Belki kısa bir izah olan;gerçek varlık ancak onun varlığıdır.Bizdeki varlık bir vahidi kıyasi yani bir ölçü birimi olarak O’nun varlığını anlamaya bir vasıtadır.

Veya kelamda çok tartışılan;Alem,Allahın zatının mı,fiillerinin mi zuhurudur?Sıfatları da zatı gibi ezeli ve ebedi midir?

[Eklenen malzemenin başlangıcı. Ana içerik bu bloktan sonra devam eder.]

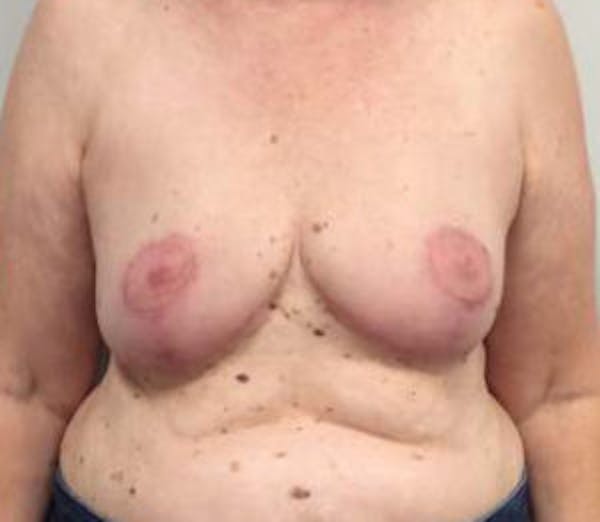 Breast Reduction Before & After Gallery - Patient 4594950 - Image 2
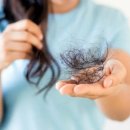 원형 탈모증 부위에 ‘이것’ 슥슥 발랐더니...탈모 완화하는 자연 치료법은? 이미지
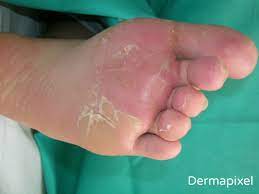 Dermapixel Al Nino Se Le Pelan Los Pies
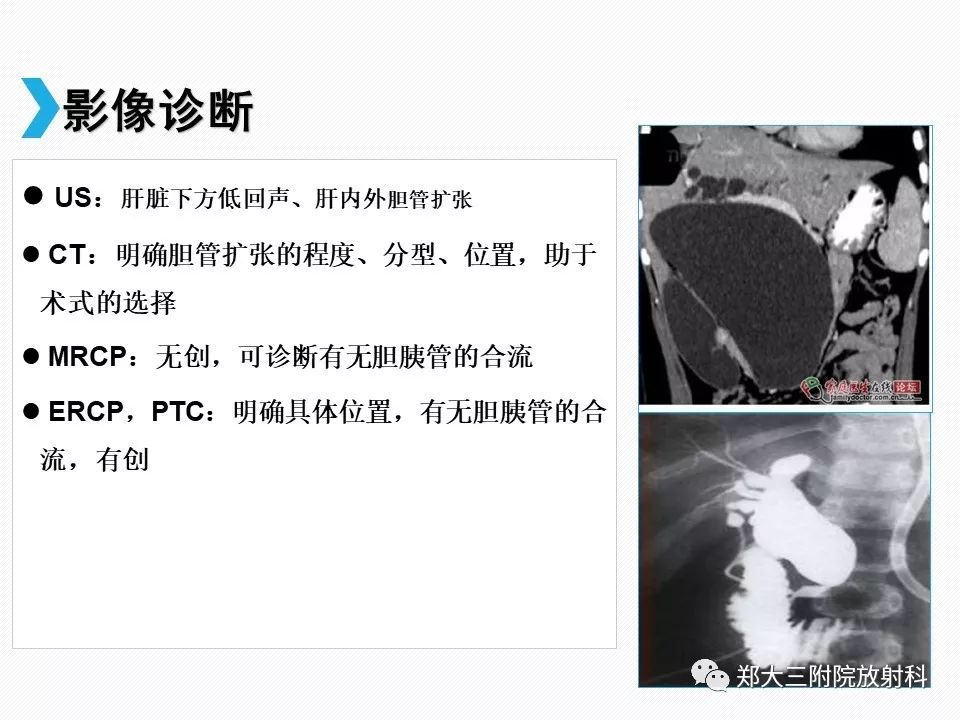 【PPT】小儿先天性胆总管囊肿CT诊断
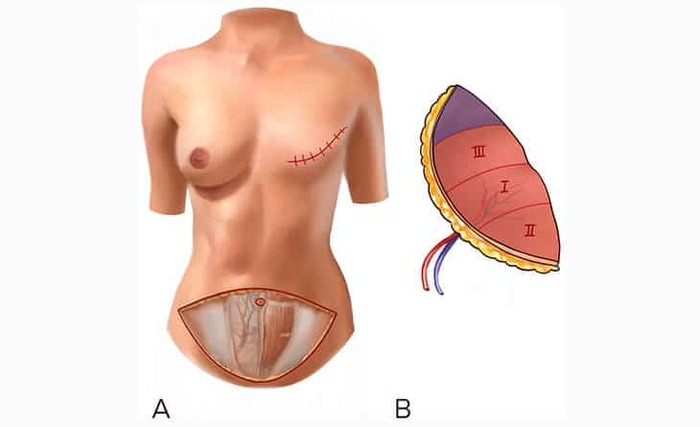 Breast reconstruction surgery in Delhi - Dr Rajat Gupta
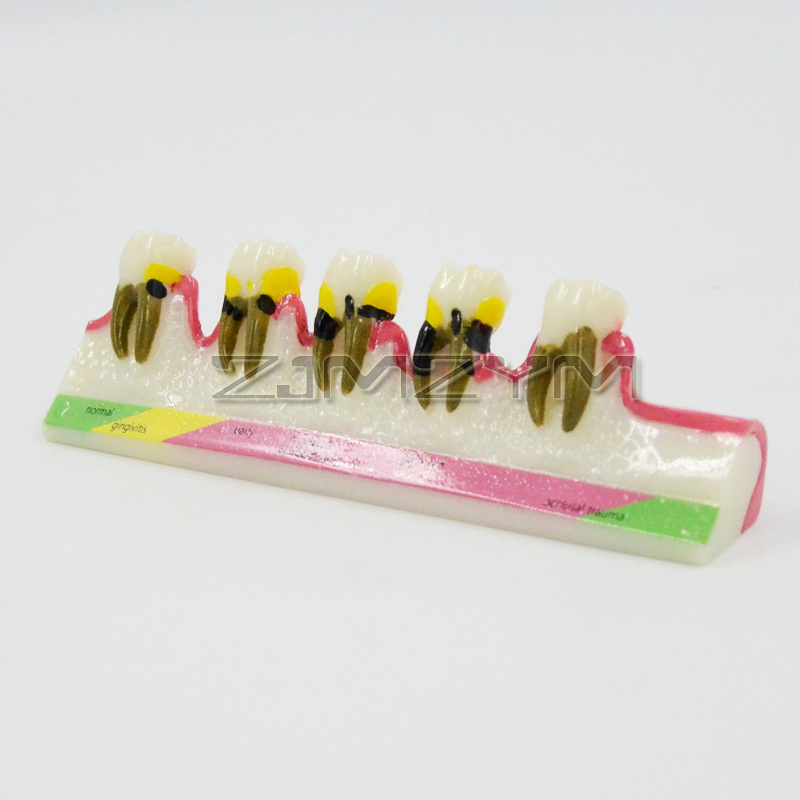Periodontal Disease Model Dent - Medical Lab Study 评论和价格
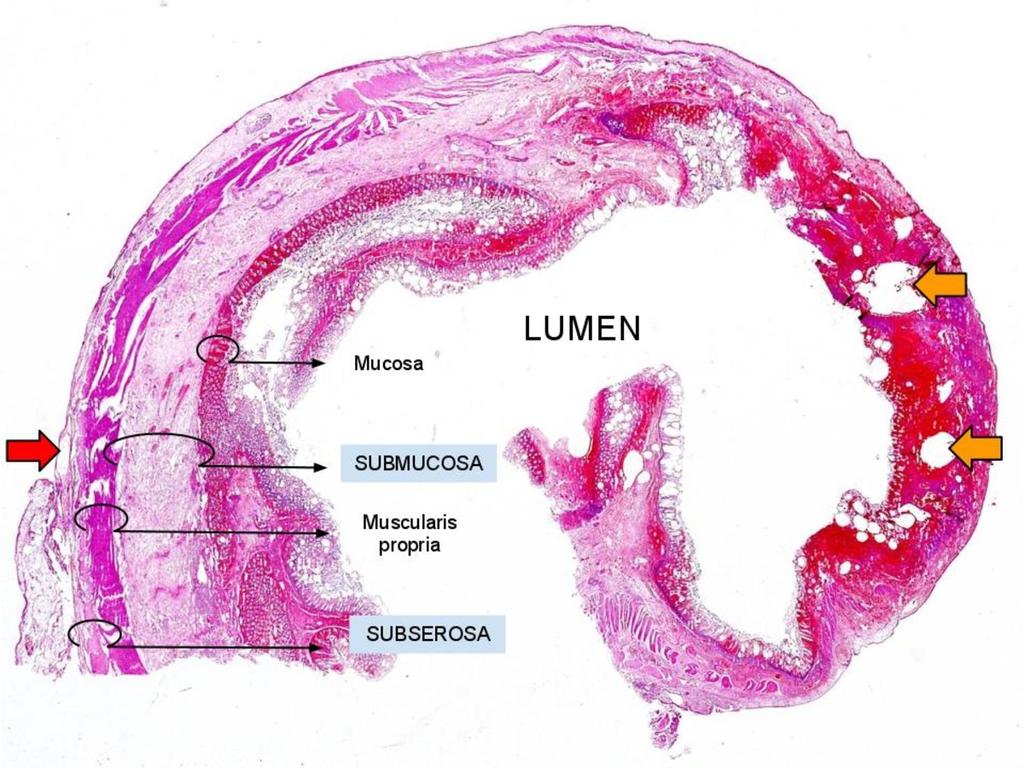 Images for this section: Fig. 1: Histology of resected bowel wall showing pneumatosis intestinalis.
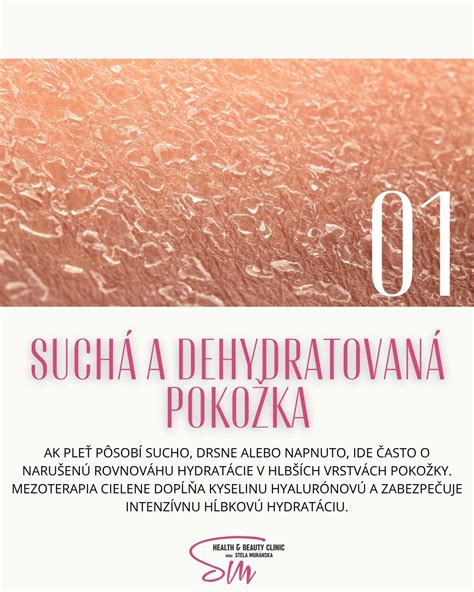 Dôležitosť hydratácie pokožky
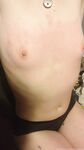 Erynrose
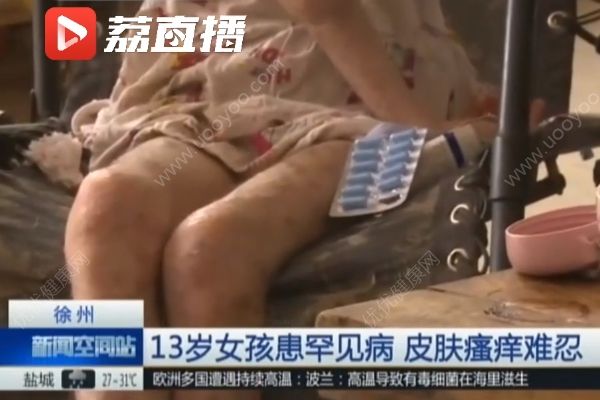 女孩患罕見(jiàn)病最怕熱，家貧買不起空調(diào)只靠奶奶背起來(lái)回走(3)
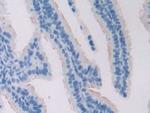 ADCY6 Polyclonal Antibody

Evet,alem O’nun her bir sıfatının ayrı ayrı bir tecellisi,zatı gibi sıfatları da ve isimleri de ezeli ve ebedidir.

 

Mehmet   ÖZÇELİK

02-09-2005

 

 


 

[1] A.Turan Aklan.Aksiyon.11-07-2004.

[2] Tegabün: 15 mealli âyeti okudu.”Hz.Hüseyin ve kerbala faciası-adlı kitaptan.

[3] Genişçe bilgi için;Hz.Hüseyin ve Kerbala Faciası-adlı kitaba bakınız.

[4]Sonsuzluğu kucaklamış aşkın sembolü Hallacı Mansur. sh.27.